It would be the first such dorm in Boston—unaffiliated with any school and open to graduate and undergraduate students—and it would include a 120-seat not-for-profit theater focused on LGBTQ-centric works.
That Scape wants to build in Boston is not new. The company first broached the idea back in the fall of 2018. It filed detailed plans with the Boston Planning and Development Agency in mid-April.
Scape currently runs what it has termed “private, academic accommodations” in the United Kingdom, Ireland, and Australia. It hopes to grow to 20,000 beds in the United States; and is investing $1 billion in starting that effort in Boston over the next five years, beginning with the Boylston Street location.
The obvious question is: Will such domiciles help put a dent in Boston’s housing crisis, one of perennially high demand and lagging supply? Scape thinks so—or at least the company has said that that’s one of the reasons it picked Boston for its U.S. beachhead.

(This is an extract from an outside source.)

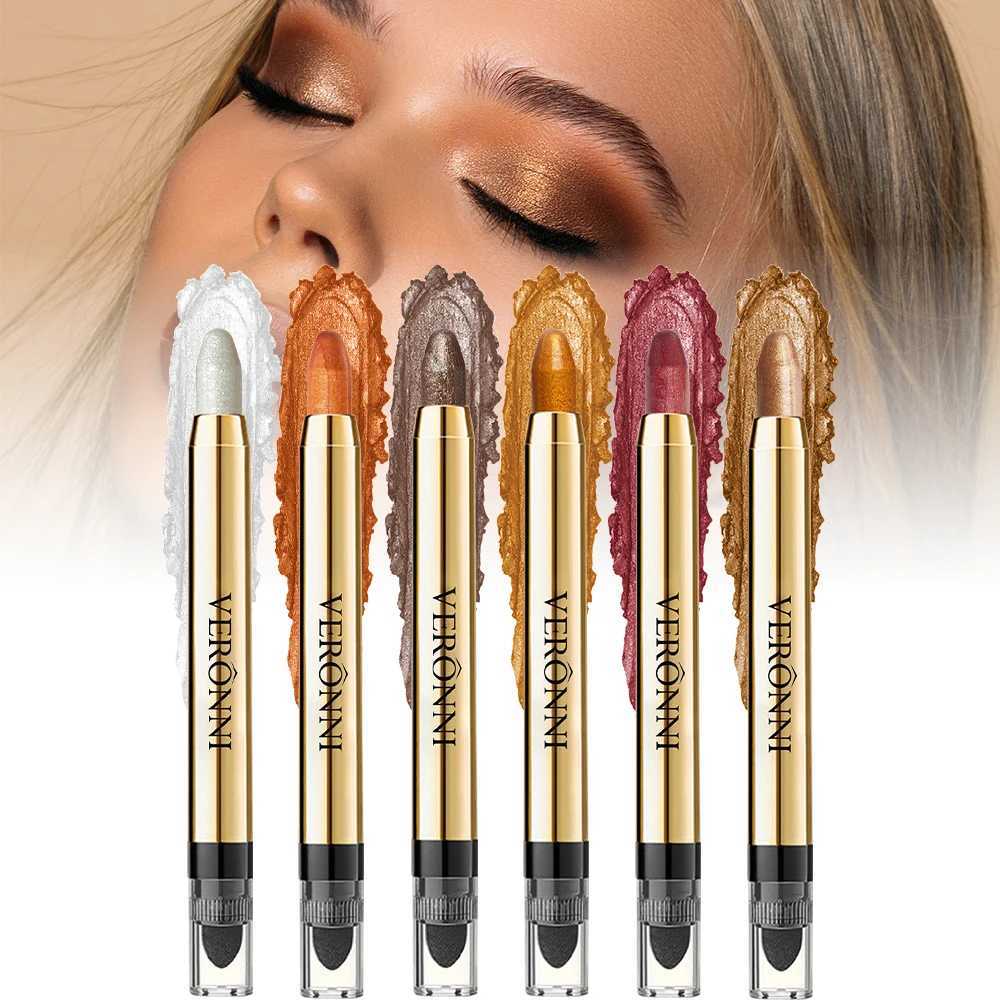 Highlighter Gloss Eyeshadow Pencil Double End Beads Bright Flash Eyeshadow Stick Anti Sweat Long High Color Eyeshadow MakeupCL240812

“Scape USA’s entry into Boston comes at a time when the city has identified the need for 69,000 units of housing, 16,000 new undergraduate beds, and 3,000 graduate beds by 2030,” the company said in an October 2018 statement.

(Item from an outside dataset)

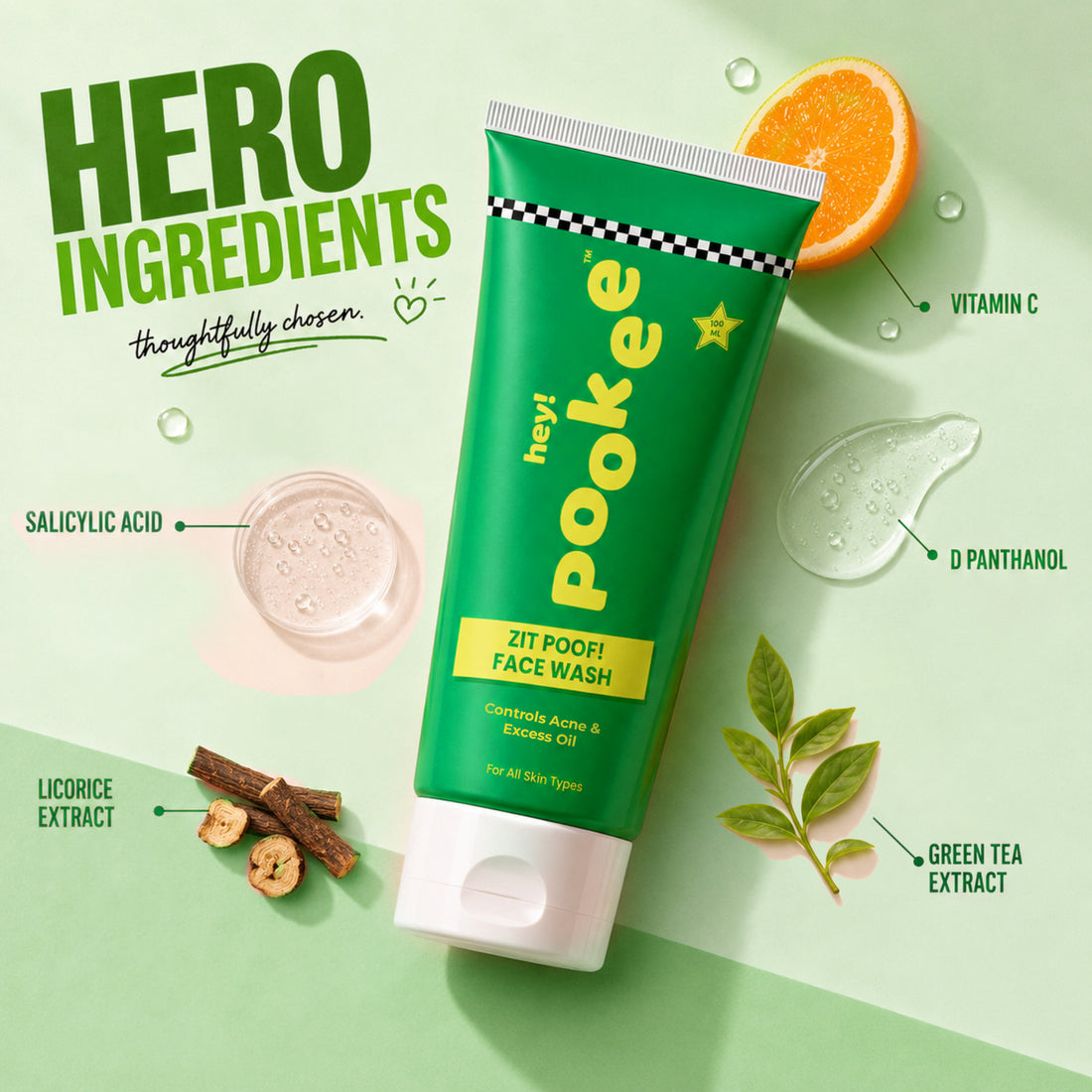 Zit Poof Face Wash Reduces Acne &amp; Oiliness - 100ml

“Scape is solving a student housing problem in Boston where an immense off-campus student population is exerting enormous pressure on the supply-constrained housing market, displacing workers and families and driving up rental costs.”
Locals so far have given Scape’s plans mixed reviews. Some see it, indeed, as a way of denting Boston’s housing crisis. Others see it as out of scale for the area, per the Globe’s Tim Logan. If the company does get the necessary go-aheads, the dorm could open in 2021.